Settle or Settlement Price
The official price established by the clearinghouse at the end of each day for use in the daily settlement.
Short Position
A term used to refer to holding a short position or to the party holding the short position.
Speculate
Investments characterized by a high degree of risk and usually short holding periods.
Speculator
One who engages in speculative transactions.
Spot Market
The market for assets that involves the immediate sale and delivery of the asset.
Spot Price
The price of an asset on the spot market.
Spread
A derivatives transaction consisting of a long position in one contract and a short position in another, similar contract.
Stock Index
A combination of stock prices designed to measuse the performance of the stocks as a whole.
Stock Index Futures
A futures contract on a underlying stock index.
Stop Order
An order to purchase or sell securities or derivatives that is not executed until the price reaches a certain level.
Swap
A derivative transaction in which two parties agree to exchange cash flows calculated according to different formulas.
T
Technical Analysis
using charts and charting techniques and indicators (such as prices, volume, moving averages, stochastics. Etc.) to evaluate future likely price movement.
Tick Size
The minimum permissible price fluctuation.
U
Underlying Asset
The asset or instrument on which a derivative's payoff is based.
V
Variation Margin
Money added to or subtracted from a futures account that reflects profits or losses accruing from the daily settlement.
Volatility
The characteristic of fluctuations in price. Usually refers to Standard deviation.
Volume
The number of contracts traded over a given time interval.
W
Warehouse Receipt
A document indicating a specific contract and location information of a commodity in storage; commonly used as the instrument of transfer of ownership in both cash and futures transactions.
Warrant (Metals)
A document of title issued by a warehouse or depository for a specific lot of stored metal that meets the specifications of the corresponding Exchange metals futures contract.
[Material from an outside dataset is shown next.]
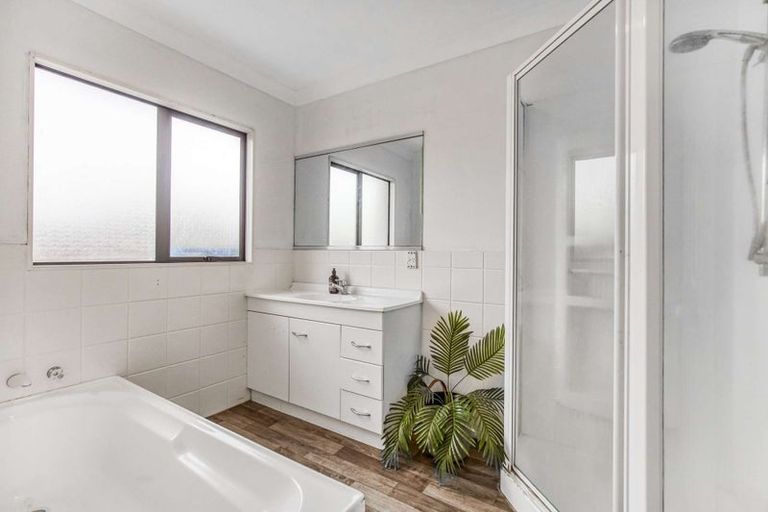 Photo of property in 13 Brookesmith Drive, Waiuku, 2123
Metal that is "on warrant" is eligible for delivery against a short position on the Exchange.
Wet Barrel (Energy)
A physical barrel of crude oil or refined product as opposed to a "paper barrel."
Wet Gas
Natural gas containing condensable hydrocarbons.
Wire House
An individual or organization that solicits or accepts orders to buy or sell futures contracts or options on futures and accepts money or other assets from customers to support such orders. Also referred to as "commission house" or Futures Commission Merchant (FCM).
With Discretion (DISC) or
Disregard the Tape (DRT)
A note on an order telling the floor broker to use his or her own good judgment in filling the order.
Writer
The issuer or seller of an option contract.
Y
Yard
Market slang for a billion.
Yield
A measure of the annual return on an investment expressed as a percentage
Yield Curve
A chart that graphically depicts the yields of different maturity bonds of the same credit quality and type.
Yield-To-Maturity
The rate of return an investor receives if a fixed-income security is held to maturity.
Z
Zero-Sum Game
Type of game when one player gains only at the expense of another player.